# $1000 Cash Giveaway for April 2009 (Two Winners)



## Sonnie (Apr 11, 2006)

It's only money and it's just like cash? :spend: :spend: :spend: 

We want _*YOU *_to have it! :kiss:

Congratulations to *brandonnash*... February's $500 winner! :clap:

Congratulations to *paints*... March's $500 winner! :clap:

Yes... we are stimulating the economy... :yes:

This month we will go back to the 25 posts with a 25 word minimum - no post padding! You must also have your equipment listed in the *Home Theater Equipment* forum, if not already listed.

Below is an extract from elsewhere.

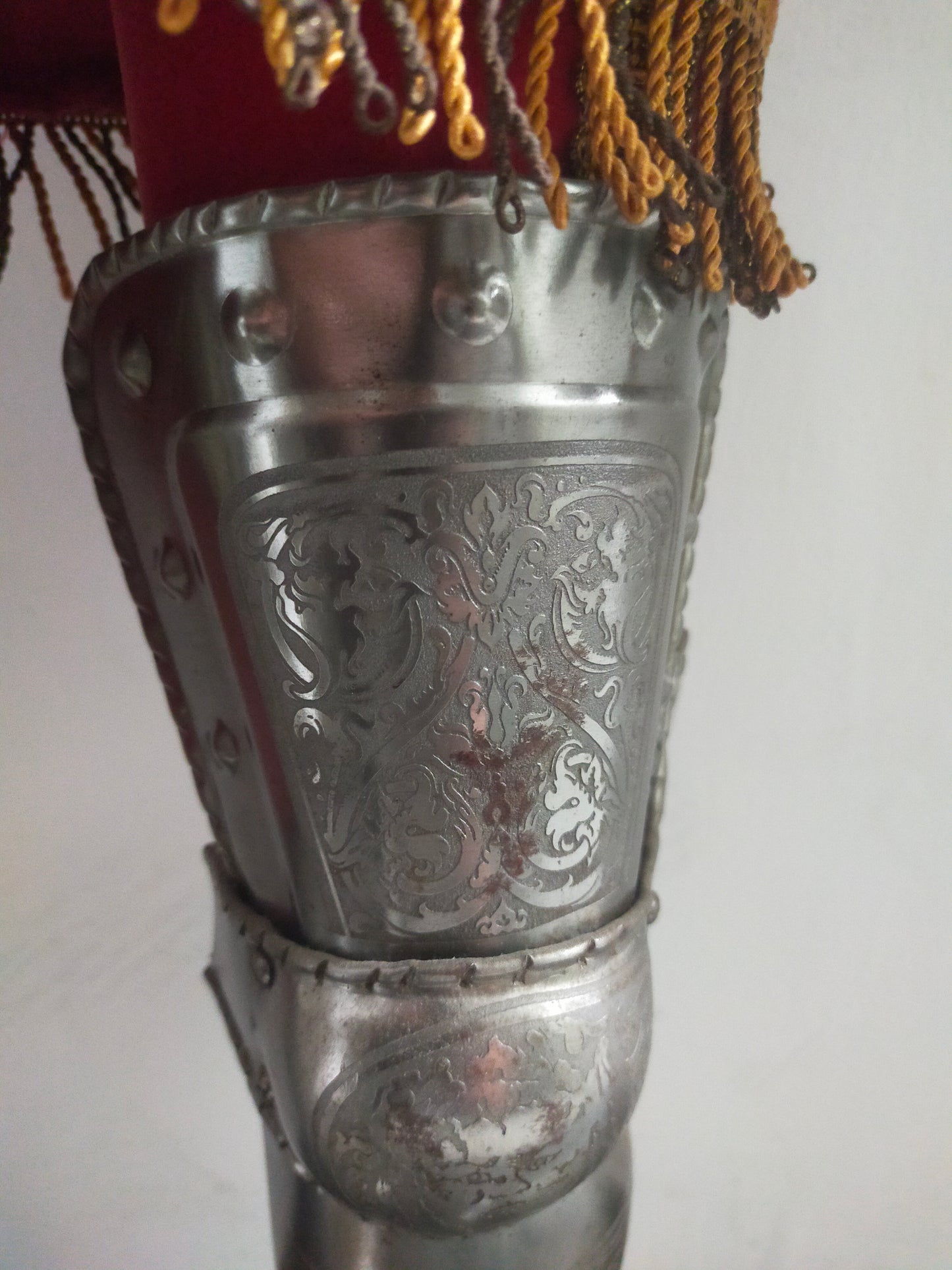 Prunkvolle Deko Ritterrüstung – Detailreiche Gravuren & Wappen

*HOWEVER!!! THIS MONTH WE WILL GIVEAWAY $500 CASH TO TWO LUCKY WINNERS! DOUBLING YOUR CHANCES OF WINNING!* :dumbcrazy:

*Qualifiers:*
*
Twenty-five (25) threads or posts during the month of April 2009 (25 word minimum - no post padding).
Equipment must be listed in the Home Theater Equipment forum.
Entry must be posted by April 30, 2009 12 Midnight CST.
*
Let us know you want to be entered into the giveaway by posting in the *$1000 Giveaway Qualification Thread for April 2009*. DO NOT post in that thread until after you have qualified, otherwise your post will be deleted.

Anyone who has won any giveaways within the last six months cannot enter. We want to be sure to spread the stimulus around a bit. :T

Easy winnings! :dontknow:

Good luck to everyone who enters. :bigsmile:


----------